The Southern District of California, which prosecuted the case, said the settlement with Wynn Las Vegas (WLV) is believed to be the largest forfeiture by a casino based on admissions of criminal wrongdoing. The total forfeit amounts to $130,131,645 (€117.3m/£99.0m).

According to a US attorney’s office press release, Wynn made a deal to avoid criminal prosecution. WLV admitted it illegally used unregistered money transmitting businesses to circumvent the conventional financial system.

Prosecutors laid out a series of illegal activities that WLV allowed that sometimes involved their employees. Among them: an opaque web of agents and payments used to skirt US and foreign laws in Latin America and China.

One independent agent conducted more than 200 transfers which were worth more than $17m.

“Casinos, like all businesses, will be held to account when they allow customers to evade US laws for the sake of profit,” said US attorney Tara McGrath. “Federal oversight seeks to prevent illegal funds from tainting legitimate businesses, ensuring that casinos offer a clean, thriving and safe entertainment option.”

As part of this investigation, 15 other defendants previously admitted money laundering, unlicensed money transmitting, or other crimes. Penalties for those crimes are more than $7.5m.

How Wynn Las Vegas evaded US finance laws

Among the allegations brought by prosecutors, WLV regularly contracted with third-party agents acting as unlicensed money transmitting businesses. These agents recruited foreign gamblers. The independent agents transferred the gamblers’ funds through companies, bank accounts and other third-party nominees in Latin America and elsewhere.
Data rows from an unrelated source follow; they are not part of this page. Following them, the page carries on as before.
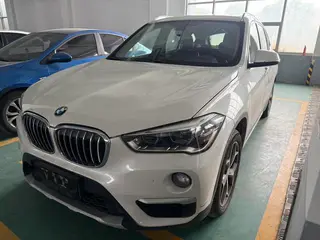 BMW X1 2018 sDrive18Li Премиум-класса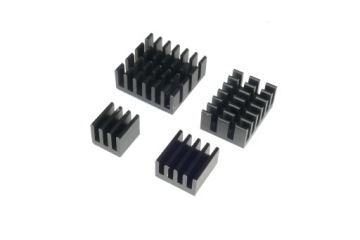 Zestaw radiatorów do Raspberry Pi 4 koloru czarnego samoprzylepne 4 sztuki
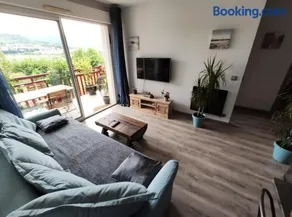 Bel appartement avec piscine, terrasse avec vue sur les montagnes - Image 2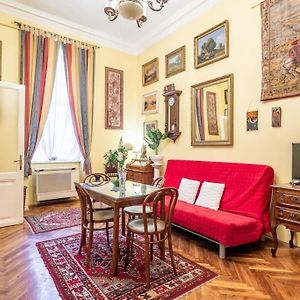 Appartement à 2 Chambres à Coucher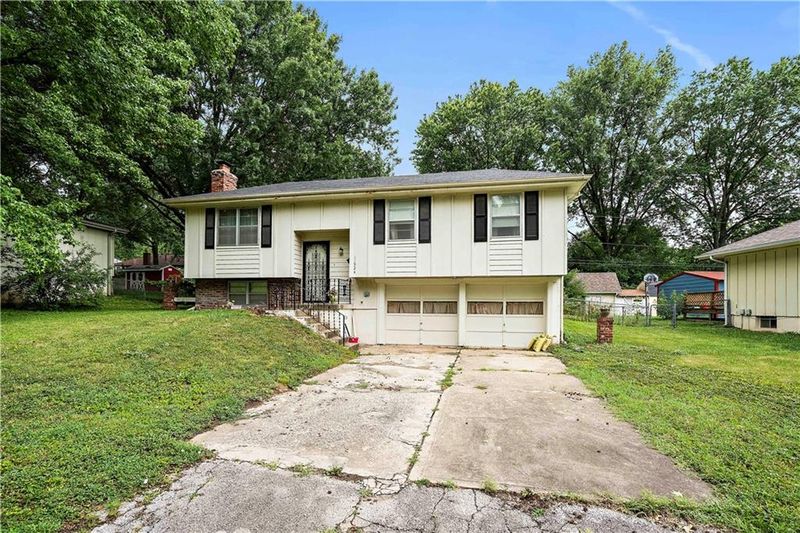 11924 E 58th St, Kansas City, MO 64133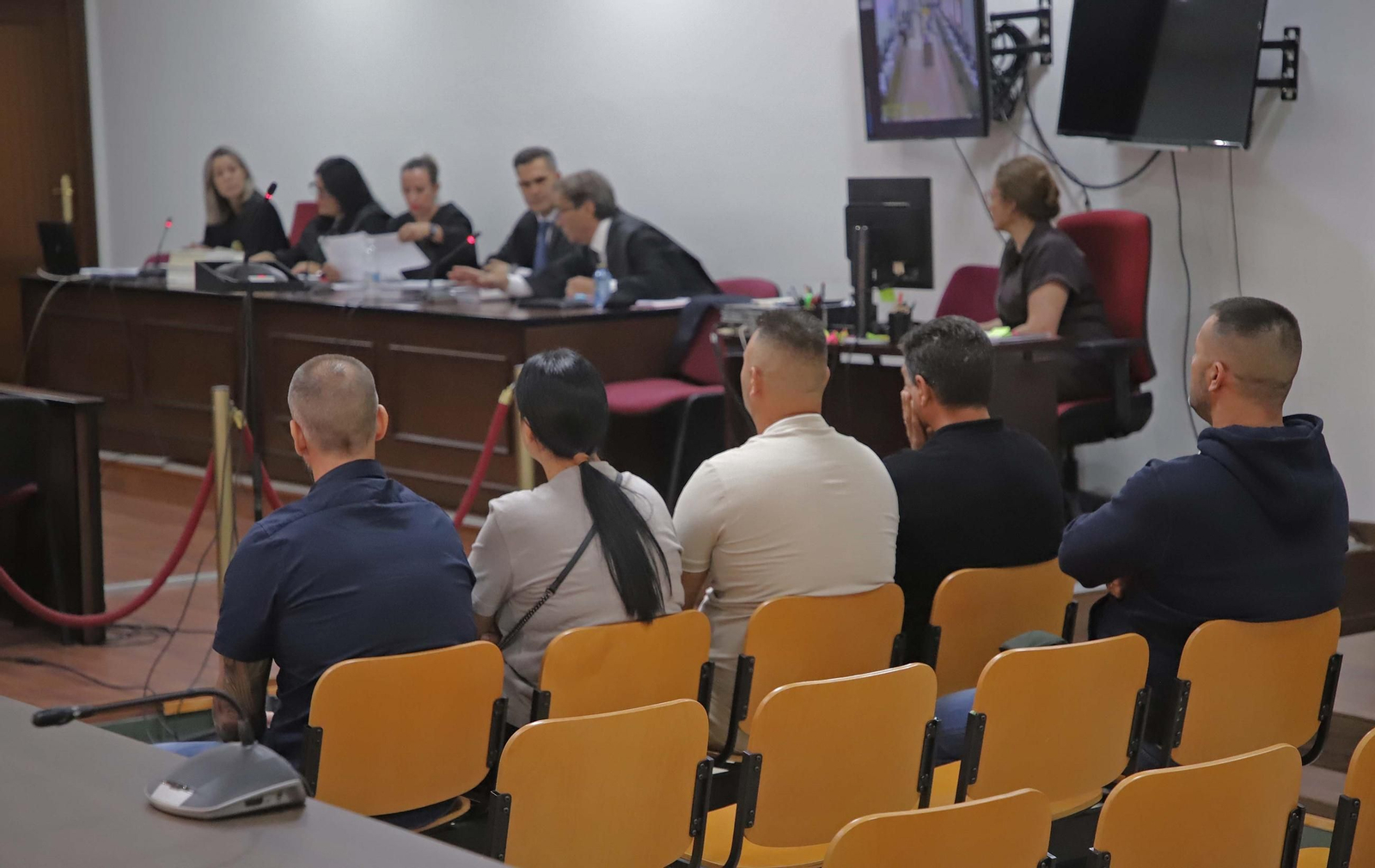 Cinco de los seis acusados en el juicio por el naufragio del Rúa Mar.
The funds were ultimately funnelled into a WLV-controlled bank account in the Southern District of California. At that point, the gamblers could use the funds.

Prosecutors also found evidence of WLV facilitating the unlicensed transfer of money through “Human Head” or “Human Hat” gambling. In this scheme, a person known as a “Human Head” bought chips and gambled as a proxy. The proxy gambled for someone who was unable or unwilling to conduct financial transactions or gamble under their own identity.

There was also evidence of WLV enabling transactions with individuals it knew to have been convicted of financial crimes. WLV failed to report transactions involving millions of dollars by an individual who, according to publicly available information, had spent six years in prison in China for conducting unauthorised international monetary transactions and violations of other financial laws.

In 2018, WLV facilitated financial transactions worth approximately $1.4m for an individual who was denied entry to the US.

“Federal laws that regulate the reporting of financial transactions are in place to detect and stop illegal activities,” Carissa Messick, special agent in charge for IRS-CI in Las Vegas said via the press release. “Deliberately avoiding Bank Secrecy Act requirements is a form of money laundering. IRS Criminal Investigation is committed to following the money and enforcing these laws, wherever it leads.”